Task brief
Copy, exactly as written, the lines that begin at the one containing "Enter the following" and end at the one containing "We set up the". Skip any pictures in the data below.
╭─ Provided entries
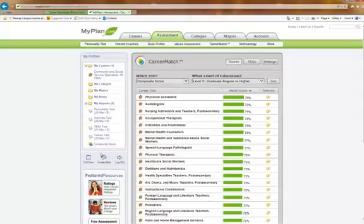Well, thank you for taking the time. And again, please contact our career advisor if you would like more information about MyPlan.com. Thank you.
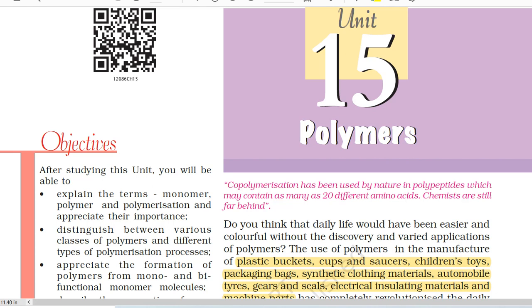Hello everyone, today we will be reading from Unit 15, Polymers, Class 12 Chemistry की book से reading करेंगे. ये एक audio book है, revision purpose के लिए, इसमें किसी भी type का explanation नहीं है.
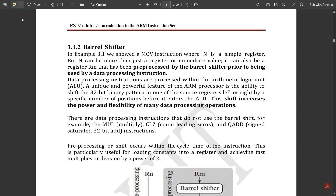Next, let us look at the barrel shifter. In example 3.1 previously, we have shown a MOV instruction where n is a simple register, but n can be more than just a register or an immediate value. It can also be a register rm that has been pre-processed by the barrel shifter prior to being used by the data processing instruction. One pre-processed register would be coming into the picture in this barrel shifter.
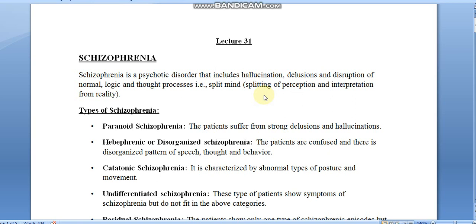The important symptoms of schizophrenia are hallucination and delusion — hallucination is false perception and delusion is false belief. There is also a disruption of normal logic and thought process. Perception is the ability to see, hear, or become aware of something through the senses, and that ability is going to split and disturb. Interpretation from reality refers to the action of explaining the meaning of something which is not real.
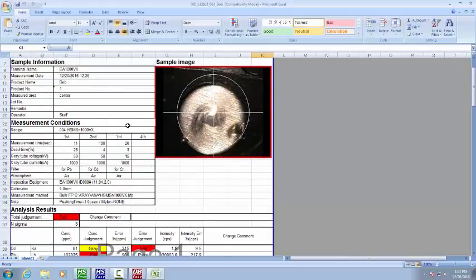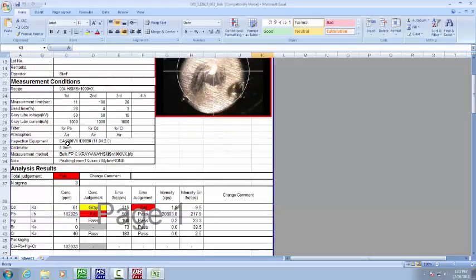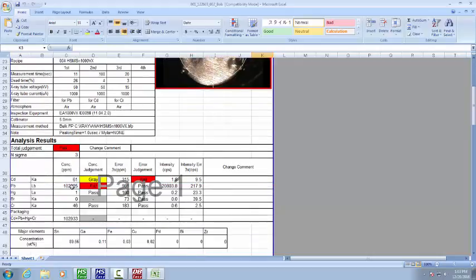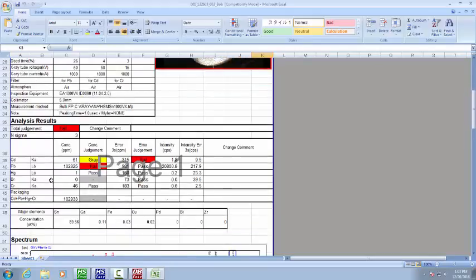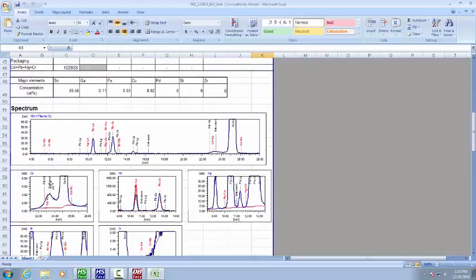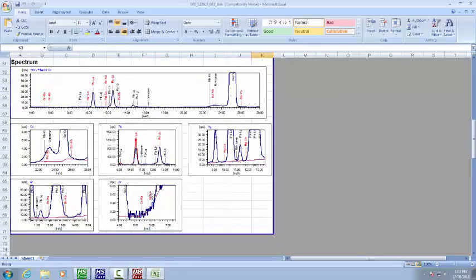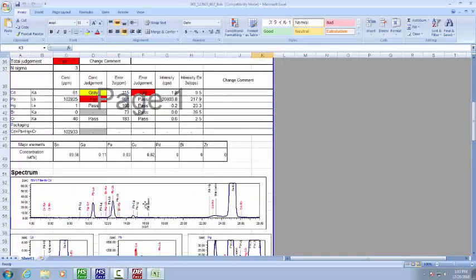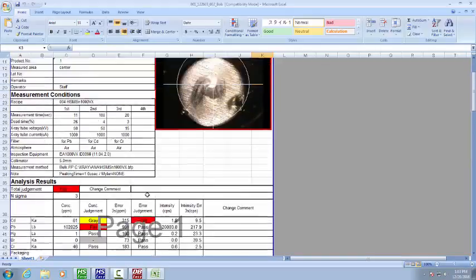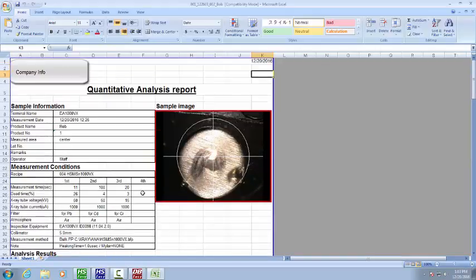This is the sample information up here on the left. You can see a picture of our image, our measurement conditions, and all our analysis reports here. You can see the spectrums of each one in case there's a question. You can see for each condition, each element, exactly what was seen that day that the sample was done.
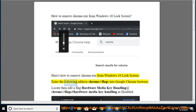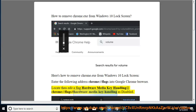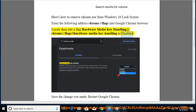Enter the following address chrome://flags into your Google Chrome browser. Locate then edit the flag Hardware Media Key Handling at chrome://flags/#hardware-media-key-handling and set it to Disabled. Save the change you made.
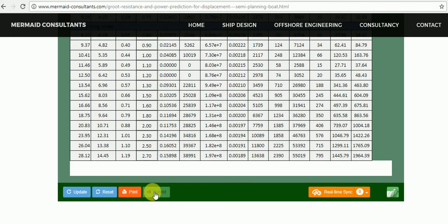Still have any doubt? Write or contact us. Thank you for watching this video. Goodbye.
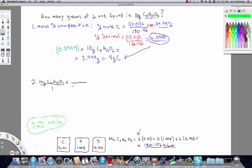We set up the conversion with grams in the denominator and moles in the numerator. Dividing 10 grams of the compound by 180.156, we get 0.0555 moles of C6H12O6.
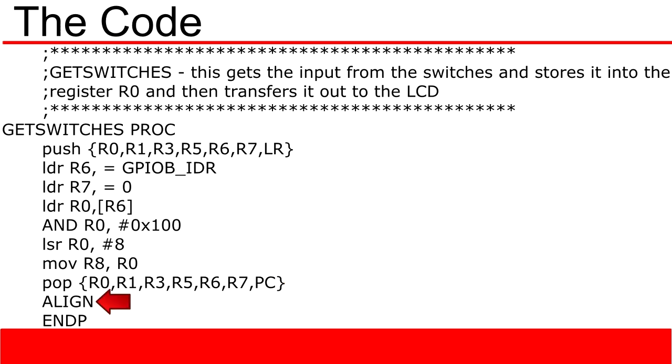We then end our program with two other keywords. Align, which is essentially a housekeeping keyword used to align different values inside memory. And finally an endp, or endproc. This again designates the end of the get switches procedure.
╰─
Solved exercise
Enter the following address chrome://flags into your Google Chrome browser. Locate then edit the flag Hardware Media Key Handling at chrome://flags/#hardware-media-key-handling and set it to Disabled. Save the change you made.
Still have any doubt? Write or contact us. Thank you for watching this video. Goodbye.
We set up the conversion with grams in the denominator and moles in the numerator. Dividing 10 grams of the compound by 180.156, we get 0.0555 moles of C6H12O6.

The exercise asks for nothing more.